Philip Mayaka

Personal information
- Date of birth: November 30, 2000 (age 25)
- Place of birth: Nairobi, Kenya
- Height: 5 ft 7 in (1.70 m)
- Position: Midfielder

Team information
- Current team: Athletic Club Boise
- Number: 66

Youth career
- 2018–2019: Orlando City

College career
- Years: Team / Apps / (Gls)
- 2019–2020: Clemson Tigers / 32 / (2)

Senior career*
- Years: Team / Apps / (Gls)
- 2021–2022: Colorado Rapids / 0 / (0)
- 2021: → Colorado Springs Switchbacks (loan) / 19 / (0)
- 2022: Colorado Rapids 2 / 18 / (3)
- 2023–2024: Crown Legacy FC / 28 / (0)
- 2025: Huntsville City FC / 23 / (2)
- 2026–: Athletic Club Boise / 0 / (0)

= Philip Mayaka =

Kenyan footballer (born 2000)

Philip Mayaka (born 30 November 2000) is a Kenyan footballer who plays as a midfielder for Athletic Club Boise in the USL League One.

== Career ==
=== Youth ===
Mayaka was scouted playing football in his local Nairobi by the general manager of the Montverde Academy in Florida. Mayaka had options to play in Norway, but opted to make the move to the United States. Whilst in Florida, Mayaka ended up playing with the Orlando City academy in the USSDA for a year, making 16 appearances and scoring 9 goals.

=== College ===
Mayaka attended Clemson University to play college soccer. In his two seasons with the Tigers, Mayaka made 32 appearances, scoring 2 goals and tallying 8 assists. In his freshman season, Mayaka was named Atlantic Coast Conference (ACC) Freshman of the Year, All-ACC First Team, All-America Second Team and a semi-finalist for the MAC Hermann Trophy. His sophomore season saw Mayaka earn First-team All-ACC and ACC All-Tournament team accolades.

=== Professional ===
On 14 January 2021, it was announced Mayaka had left college early to sign a Generation Adidas deal with MLS, which would see him enter the 2021 MLS SuperDraft. Going in to the draft, Mayaka was considered the consensus number one pick, however was selected 3rd overall on 21 January 2021 by Colorado Rapids.

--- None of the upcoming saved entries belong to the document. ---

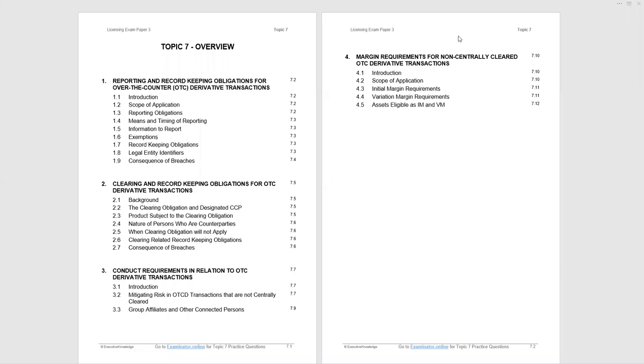Welcome to the short Executive Knowledge Lecture on Topic 7, Paper 3, covering over-the-counter derivatives trading, reporting, and clearing.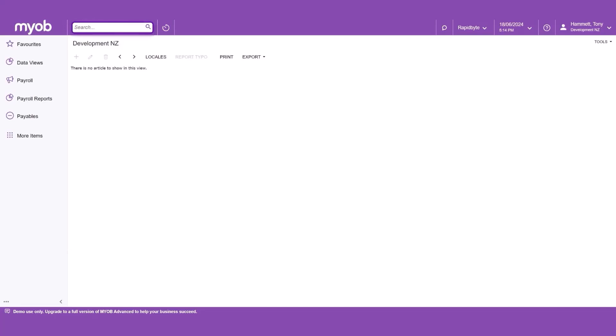The Employee Self-Service ESS module for MYOB Acumatica allows employees to view and manage their own details and to submit leave requests, which are then managed and processed in the Payroll module.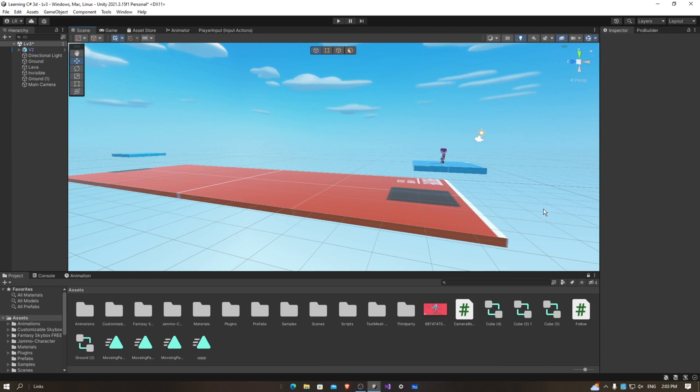Hello everyone, today I'm going to show you how to make a moving platform in Unity 3D. I'm going to make the platform go over the lava. If you're wondering how I made the lava, check out my last video.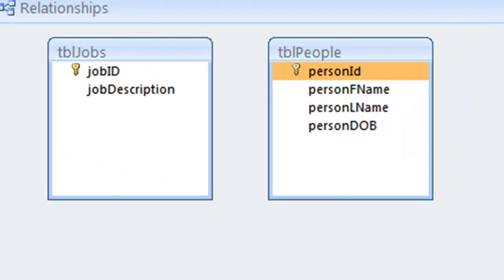A relationship diagram can be easier to read if you position tables from the one side of the relationships to the left and tables from the many side to the right. According to the business rule, there is a one job to many people relationship, so we will put the jobs table on the left and the people table on the right.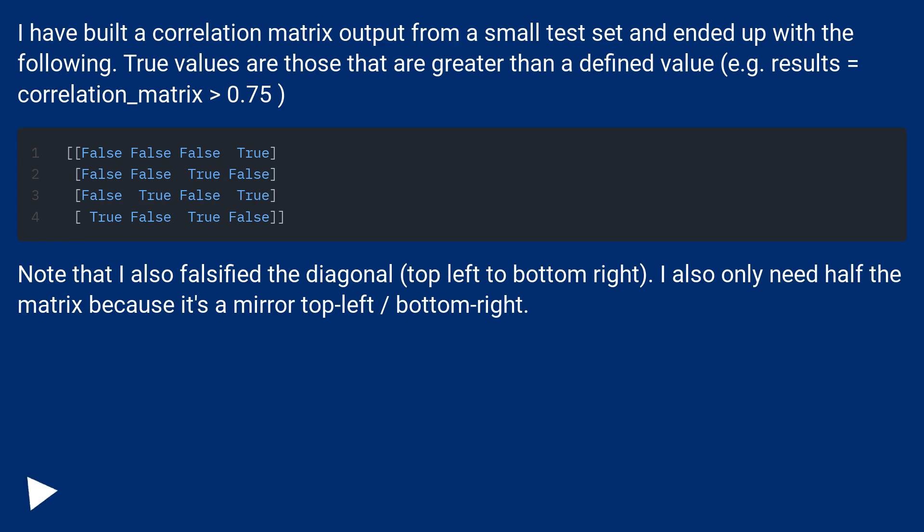Note that I also falsified the diagonal, top left to bottom right. I also only need half the matrix because it's a mirror top left, bottom right.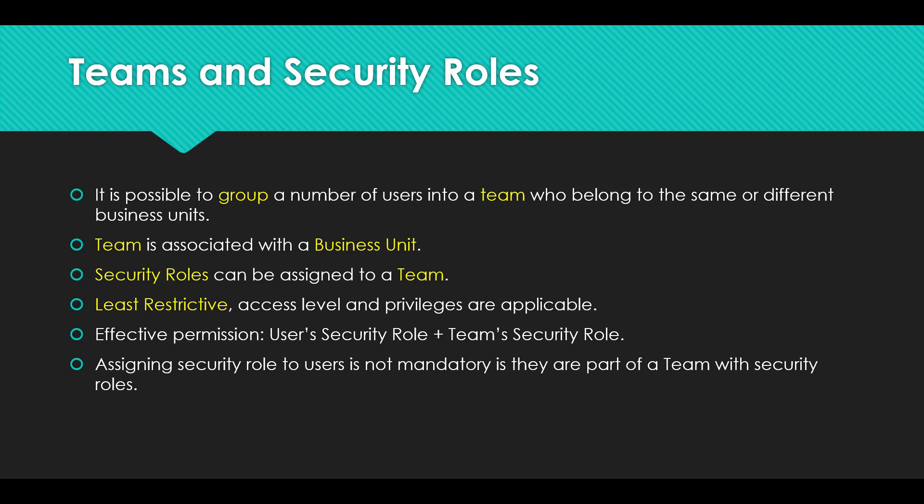In that case, instead of assigning security roles to individual users, you can assign roles to a team, say the sales team, where all the related users are part of that team. So automatically all the security roles that you assign to the team are inherited by the users within that team.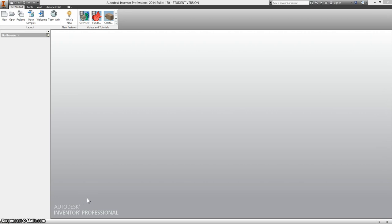For this video, I want to point out to you that they do not give you all the dimensions that you need. They neglect to give you any of the radiuses, the rounds, the fillets, the size of the holes that you might need, the size of the text.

On 29 March 2021, Mayaka joined Colorado's USL Championship affiliate side Colorado Springs Switchbacks on loan. He made his professional debut on 14 May 2021, appearing as a 73rd-minute substitute during a 4–0 win over Sporting Kansas City II.

On November 10, 2022, his contract option was declined by Colorado.

Mayaka signed with Charlotte FC's MLS Next Pro side Crown Legacy FC in January 2023.

On January 28, 2026, Mayaka signed with USL League One side Athletic Club Boise ahead of their inaugural season.